Dataset records:
◆ ◆ ◆

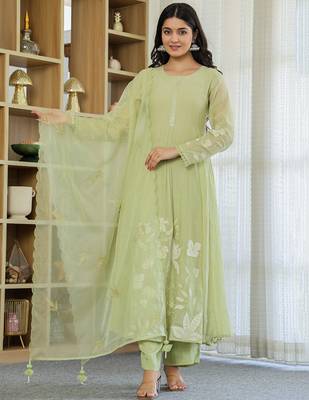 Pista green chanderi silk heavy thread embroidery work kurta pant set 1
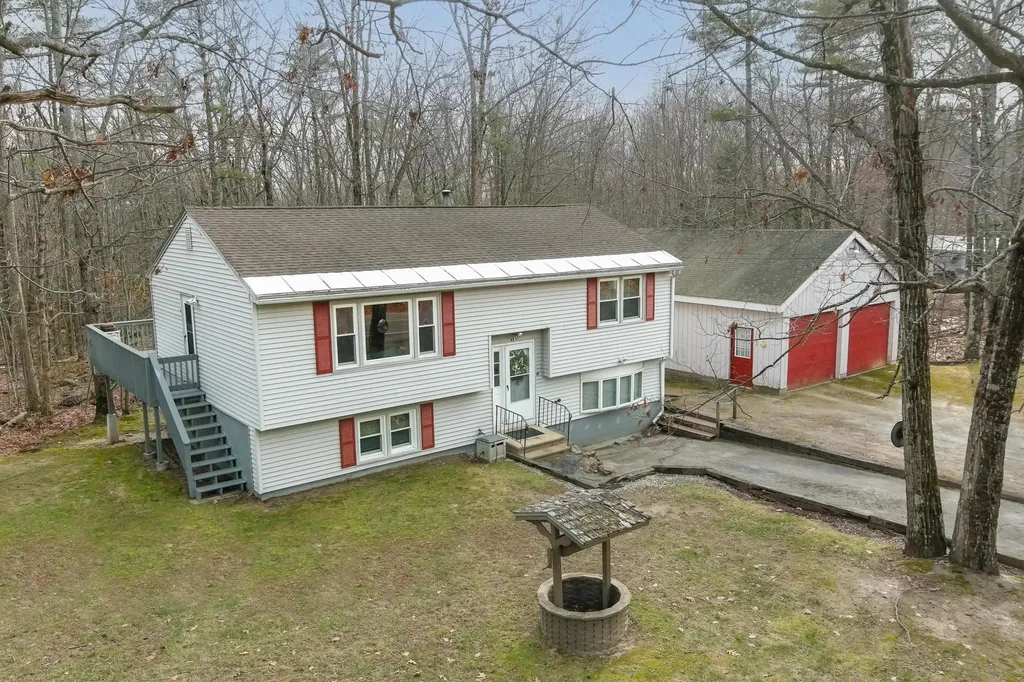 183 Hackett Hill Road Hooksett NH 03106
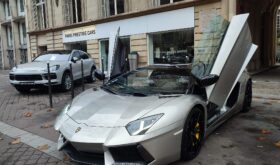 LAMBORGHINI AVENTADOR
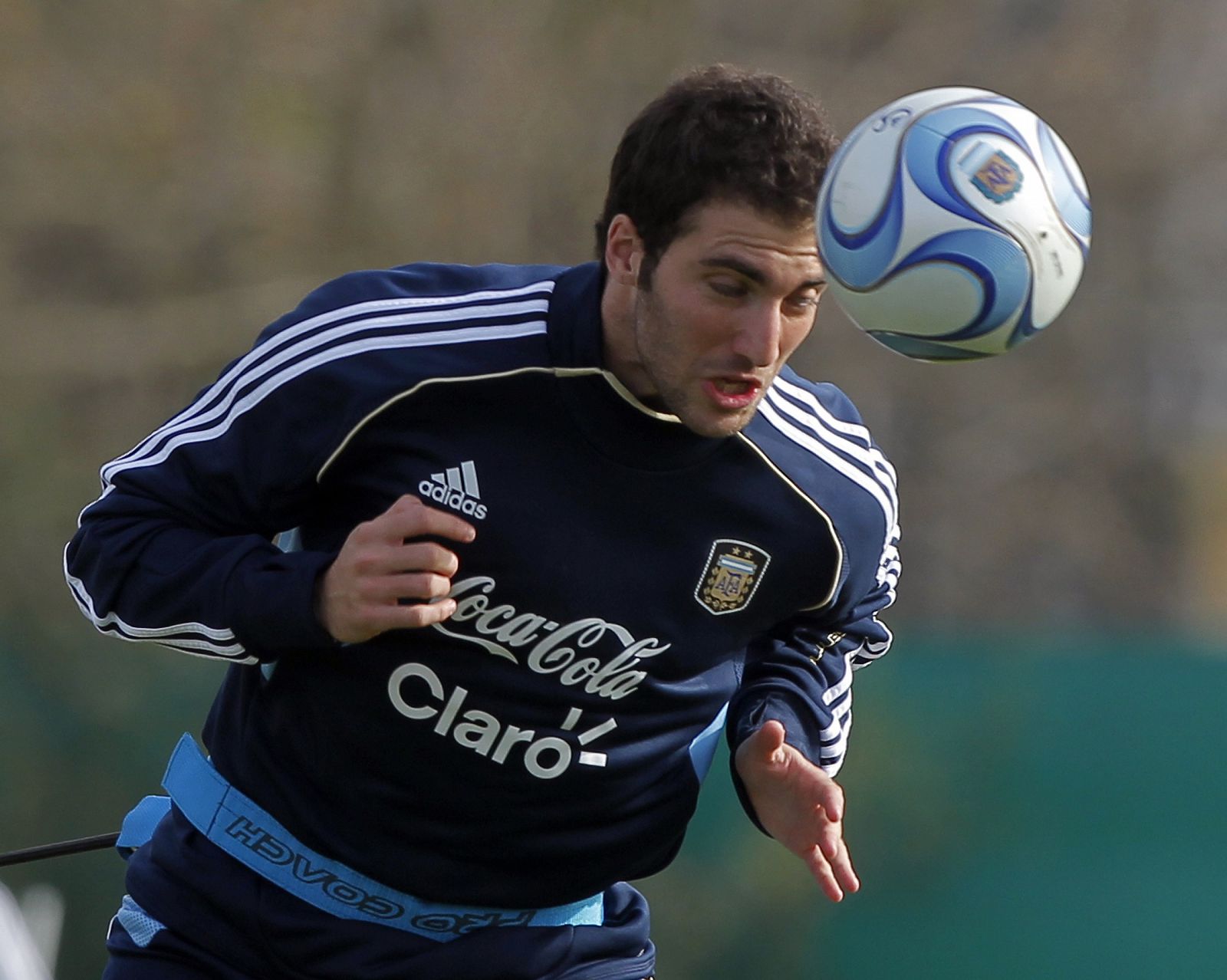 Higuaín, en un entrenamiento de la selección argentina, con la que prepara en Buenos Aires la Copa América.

◆ ◆ ◆

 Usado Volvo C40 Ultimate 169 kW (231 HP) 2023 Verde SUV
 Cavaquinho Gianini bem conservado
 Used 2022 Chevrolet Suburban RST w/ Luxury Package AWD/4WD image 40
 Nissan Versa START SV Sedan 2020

◆ ◆ ◆

What is being asked: Output only the lines above from the line that holds "Pista green chanderi" through the line that holds "Higuaín, en un", both ends included, and exclude pictures.

Answer box:
 Pista green chanderi silk heavy thread embroidery work kurta pant set 1
 183 Hackett Hill Road Hooksett NH 03106
 LAMBORGHINI AVENTADOR
 Higuaín, en un entrenamiento de la selección argentina, con la que prepara en Buenos Aires la Copa América.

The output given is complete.